[DATA EXCERPT Boundary: Start]

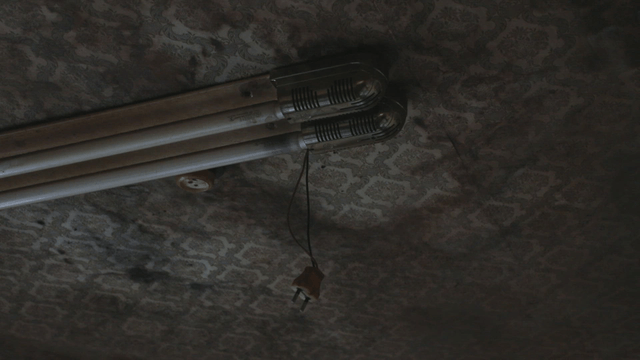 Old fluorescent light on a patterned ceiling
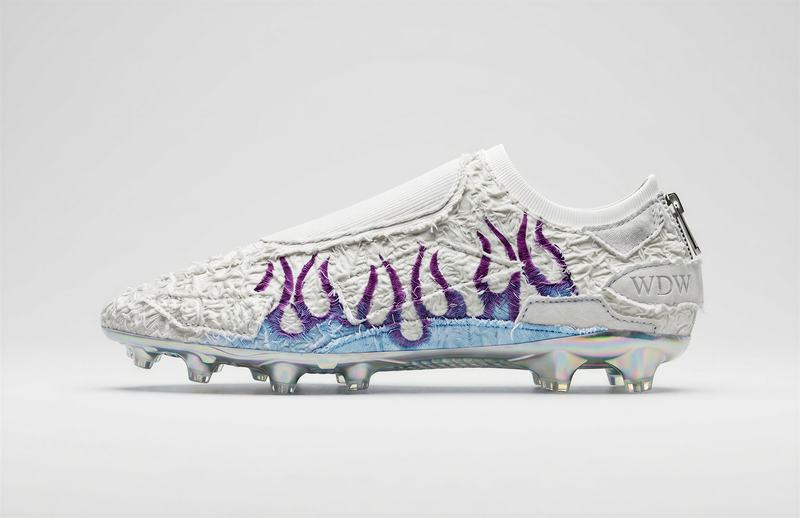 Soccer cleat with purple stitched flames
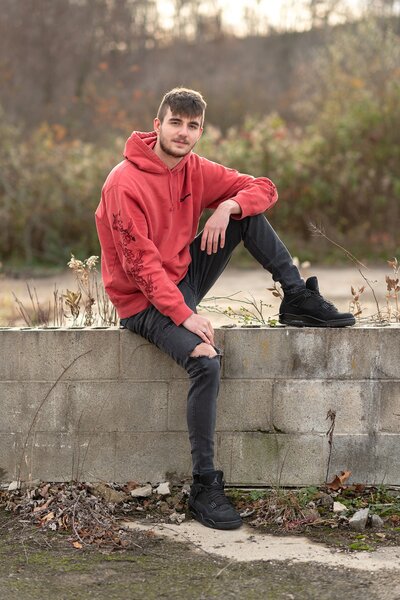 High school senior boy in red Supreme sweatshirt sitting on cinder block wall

[DATA EXCERPT Boundary: End]

• YOUR INSTRUCTIONS:
The data must come back word for word, with every picture removed.

• THE ANSWER:
 Old fluorescent light on a patterned ceiling
 Soccer cleat with purple stitched flames
 High school senior boy in red Supreme sweatshirt sitting on cinder block wall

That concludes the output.